WHAT YOU SHOULD DO:
Transcribe each entry below exactly. Pictures do not go in the copy.

======== INFORMATION ========

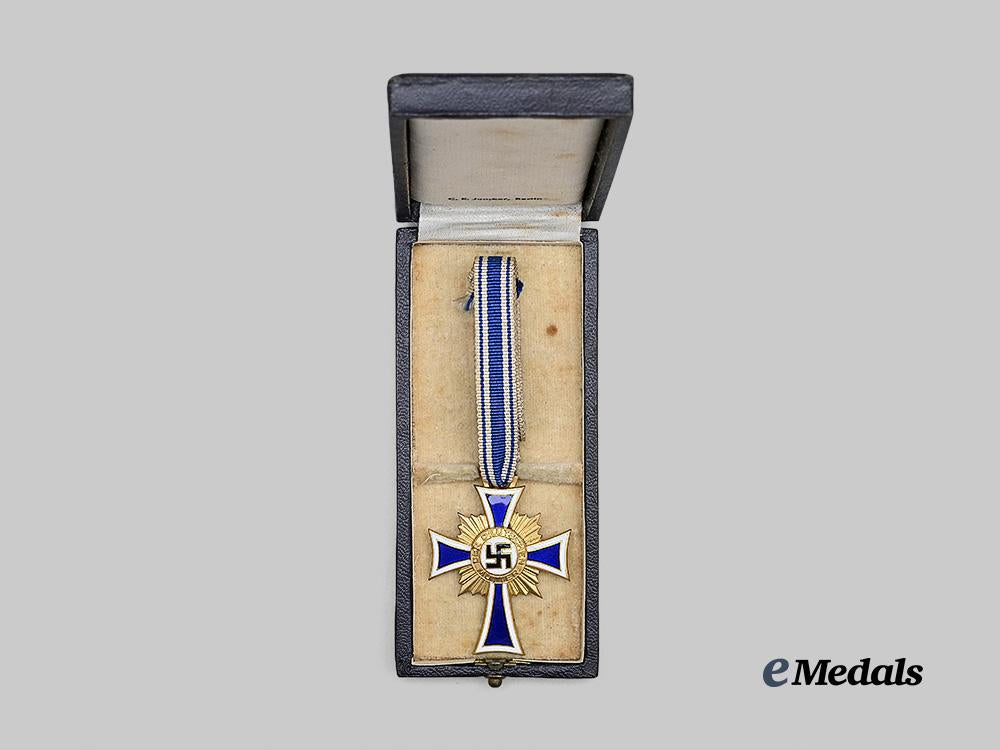 germany,_third_reich._an_honour_cross_of_the_german_mother,_gold_grade_with_case,_by_c._e._juncker_e_medals__g63954_3
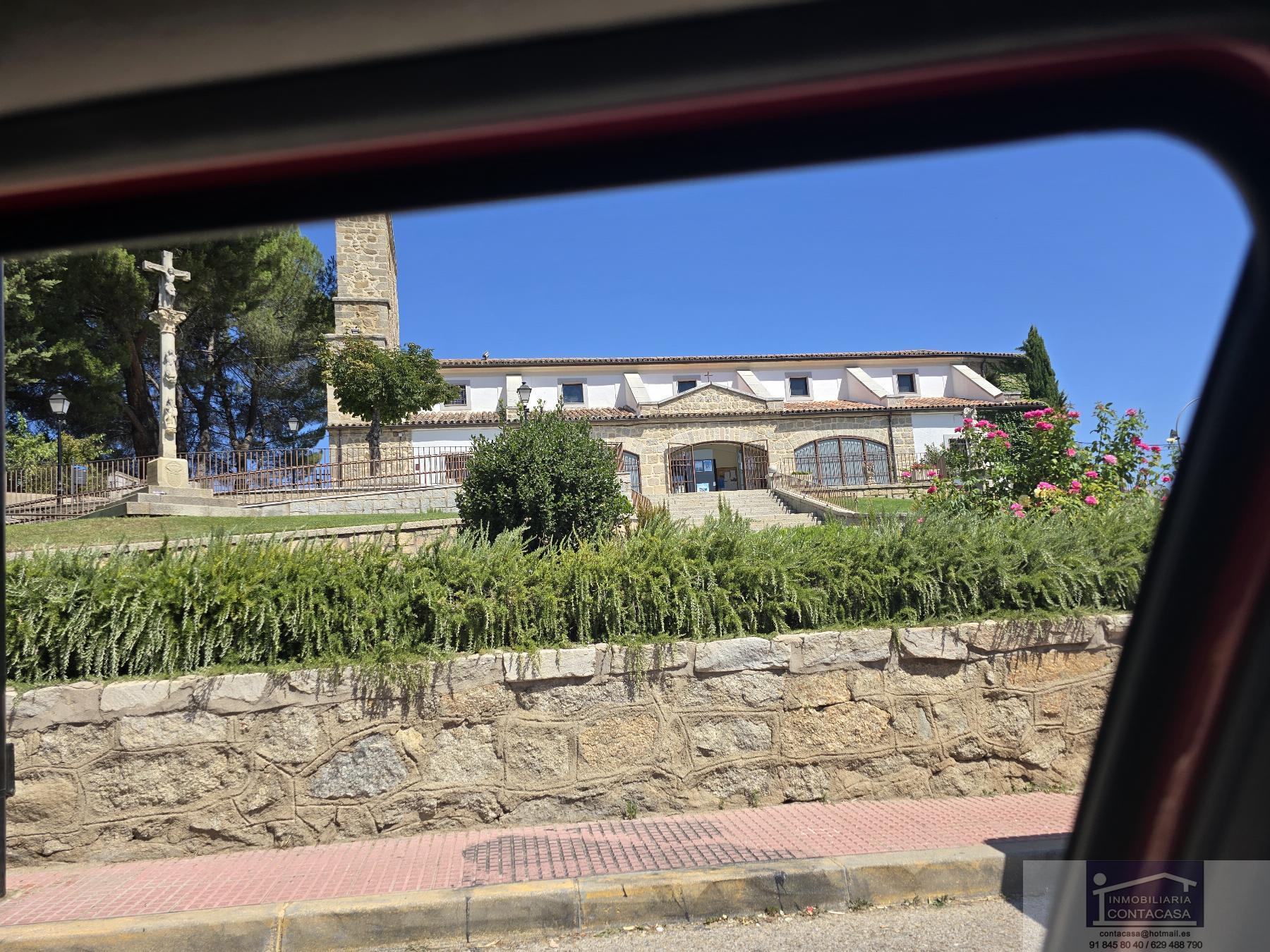 For sale of apartment in Pelayos de la Presa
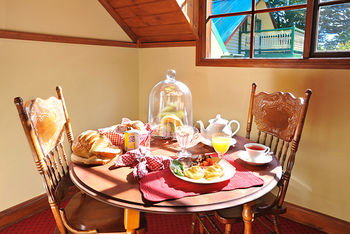 Mary Card's Coach House - Accommodation Sydney 11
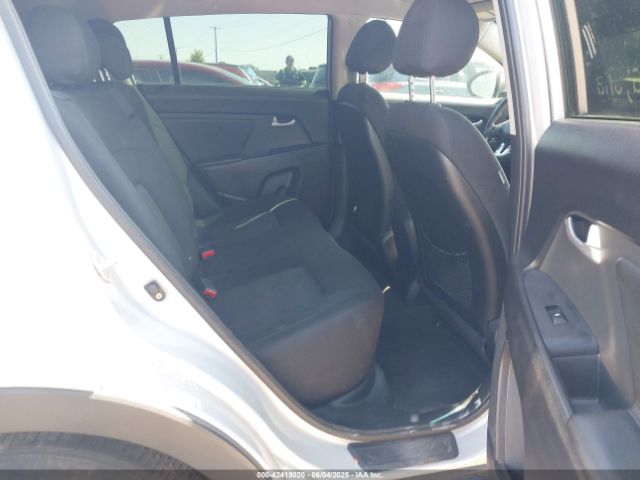 2012 KIA SPORTAGE KNDPBCA21C7232807 Photo 7
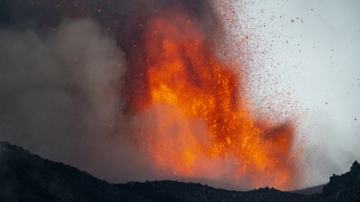 休眠四年後 歐洲最高火山埃特納再次噴發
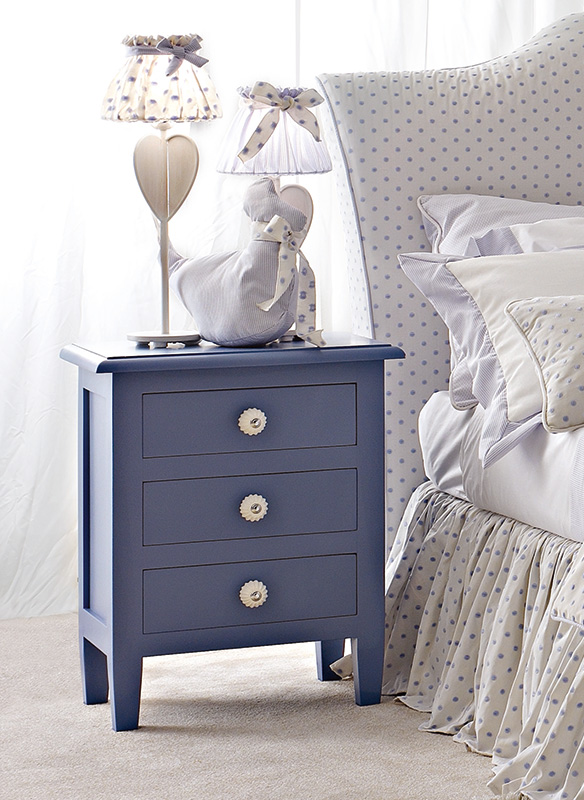 <strong>0112</strong> nightstand with small resin knob PS06
L. 56 x P. 35 x H. 66 cm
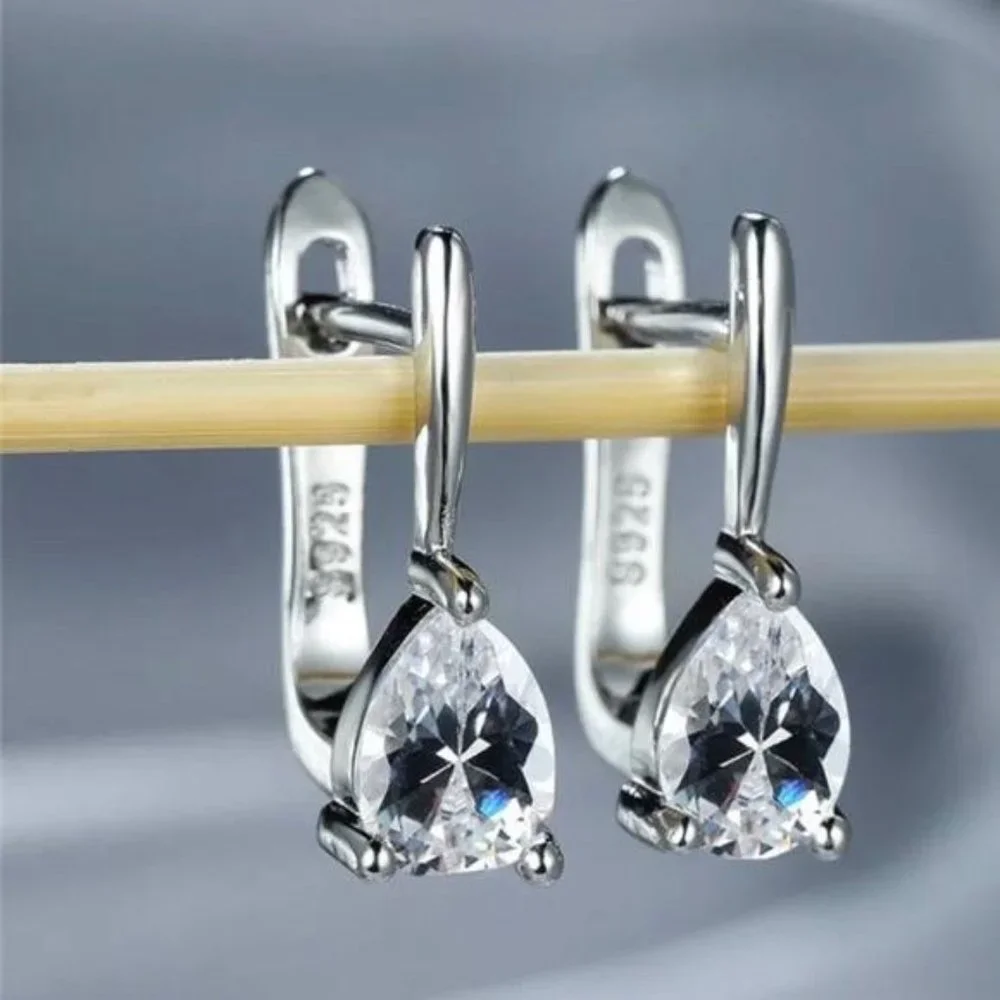 NEW 925 STERLING SILVER DIAMOND EARRINGS, NICE EARRINGS, CUTE EARRINGS. - Picture 1 of 3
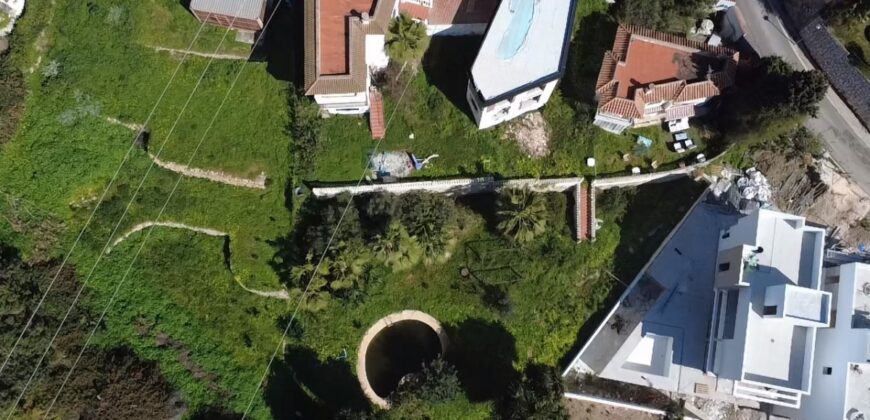 3 Prime Plots with Granted Building Permission for Three Modern Villas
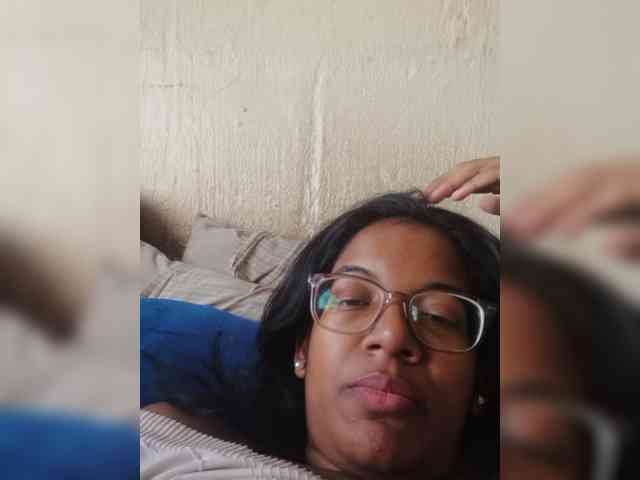 IndianBeaut webcam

========

ANSWER FOR THE TASK:
 germany,_third_reich._an_honour_cross_of_the_german_mother,_gold_grade_with_case,_by_c._e._juncker_e_medals__g63954_3
 For sale of apartment in Pelayos de la Presa
 Mary Card's Coach House - Accommodation Sydney 11
 2012 KIA SPORTAGE KNDPBCA21C7232807 Photo 7
 休眠四年後 歐洲最高火山埃特納再次噴發
 <strong>0112</strong> nightstand with small resin knob PS06
L. 56 x P. 35 x H. 66 cm
 NEW 925 STERLING SILVER DIAMOND EARRINGS, NICE EARRINGS, CUTE EARRINGS. - Picture 1 of 3
 3 Prime Plots with Granted Building Permission for Three Modern Villas
 IndianBeaut webcam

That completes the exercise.